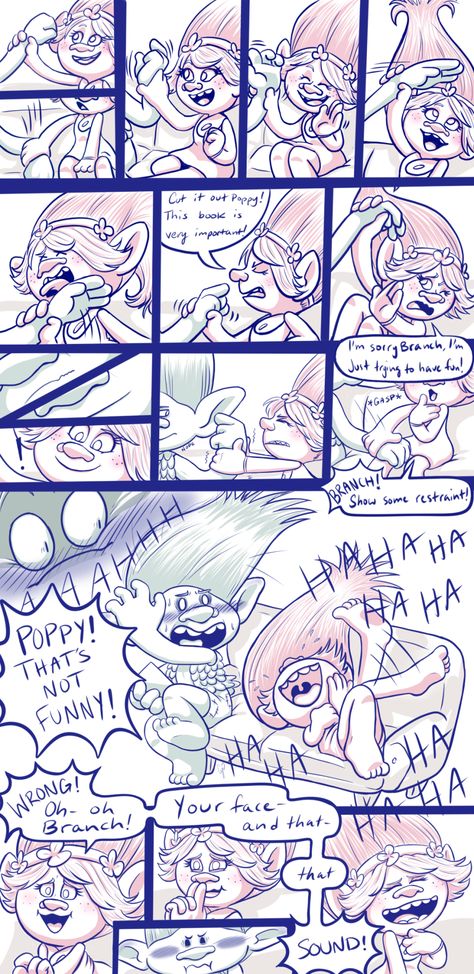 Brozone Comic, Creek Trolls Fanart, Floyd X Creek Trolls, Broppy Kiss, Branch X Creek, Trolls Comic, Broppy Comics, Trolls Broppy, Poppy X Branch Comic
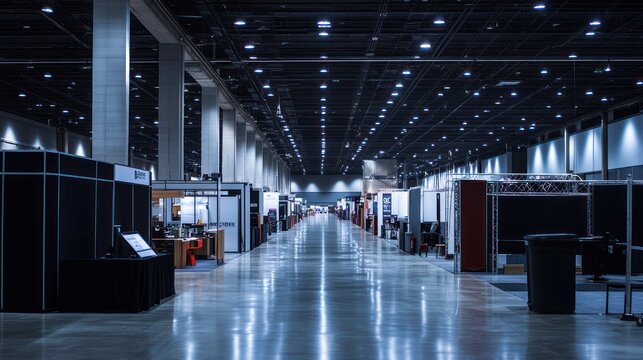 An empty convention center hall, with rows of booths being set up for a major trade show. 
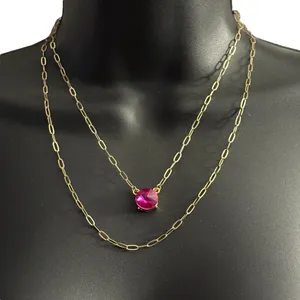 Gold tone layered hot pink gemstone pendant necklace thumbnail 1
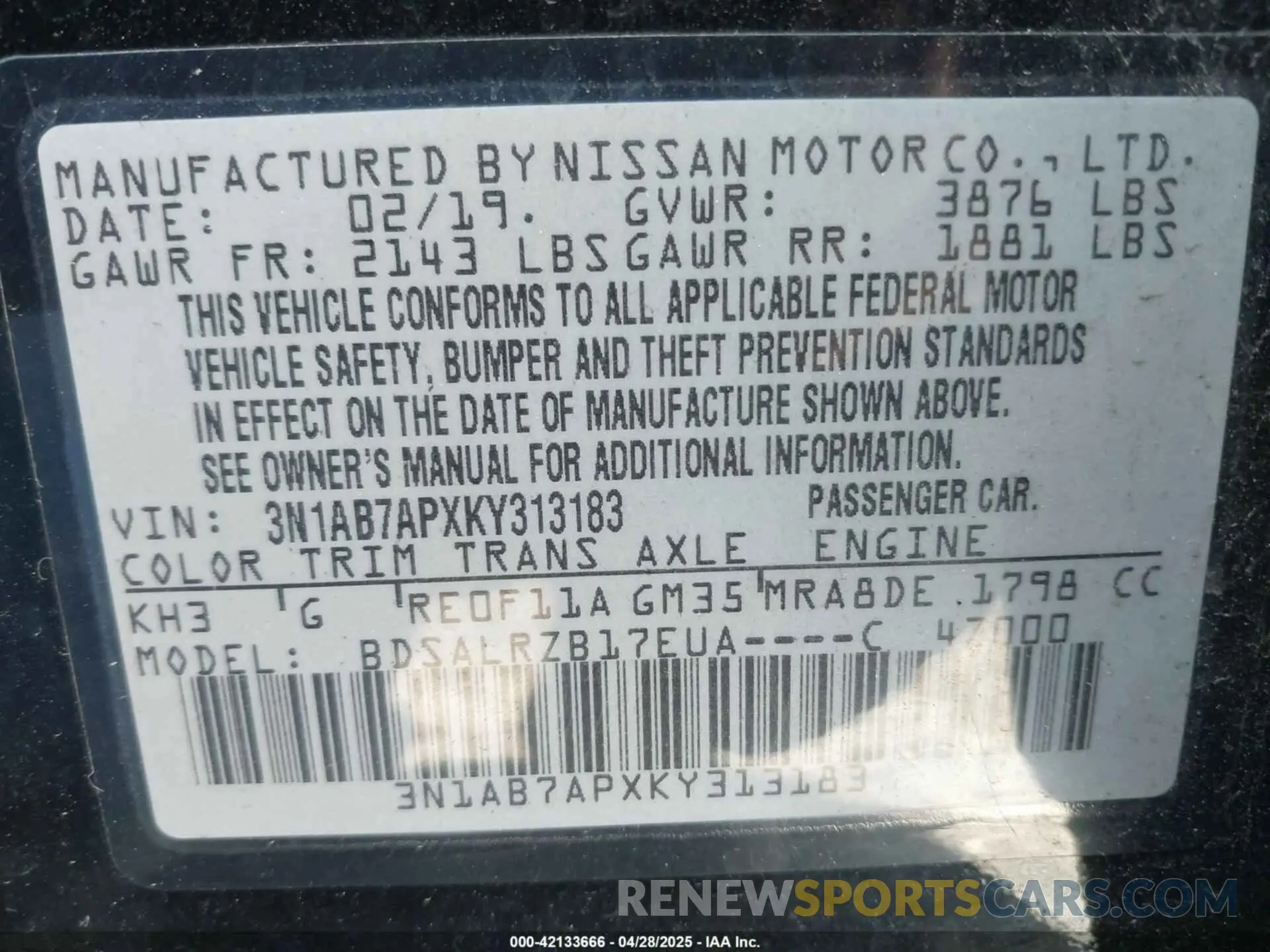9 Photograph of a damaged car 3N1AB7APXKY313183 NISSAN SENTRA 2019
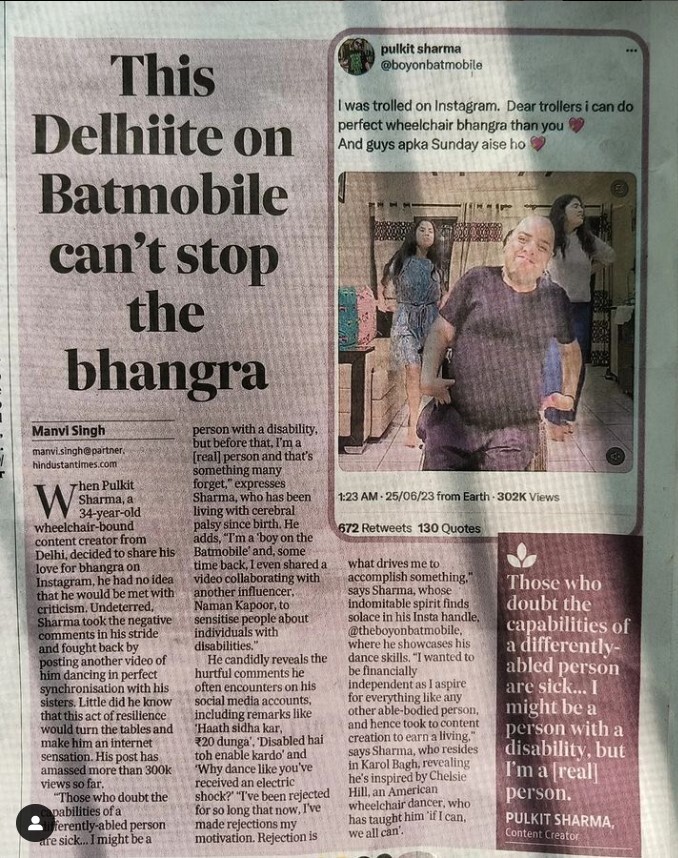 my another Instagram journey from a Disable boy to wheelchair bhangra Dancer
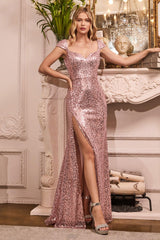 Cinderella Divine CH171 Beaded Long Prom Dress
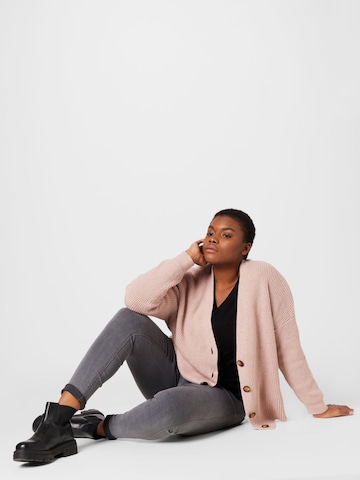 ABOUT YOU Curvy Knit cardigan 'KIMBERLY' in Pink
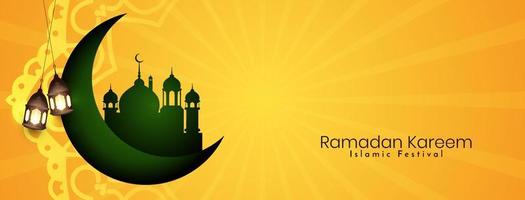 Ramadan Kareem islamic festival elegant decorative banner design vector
▬▬▬▬▬▬▬▬▬▬
EXERCISE DETAILS ▸ The records above need to be restated word for word, with the pictures left out.

EXERCISE RESPONSE ▸
 Brozone Comic, Creek Trolls Fanart, Floyd X Creek Trolls, Broppy Kiss, Branch X Creek, Trolls Comic, Broppy Comics, Trolls Broppy, Poppy X Branch Comic
 An empty convention center hall, with rows of booths being set up for a major trade show. 
 Gold tone layered hot pink gemstone pendant necklace thumbnail 1
9 Photograph of a damaged car 3N1AB7APXKY313183 NISSAN SENTRA 2019
 my another Instagram journey from a Disable boy to wheelchair bhangra Dancer
 Cinderella Divine CH171 Beaded Long Prom Dress
 ABOUT YOU Curvy Knit cardigan 'KIMBERLY' in Pink
 Ramadan Kareem islamic festival elegant decorative banner design vector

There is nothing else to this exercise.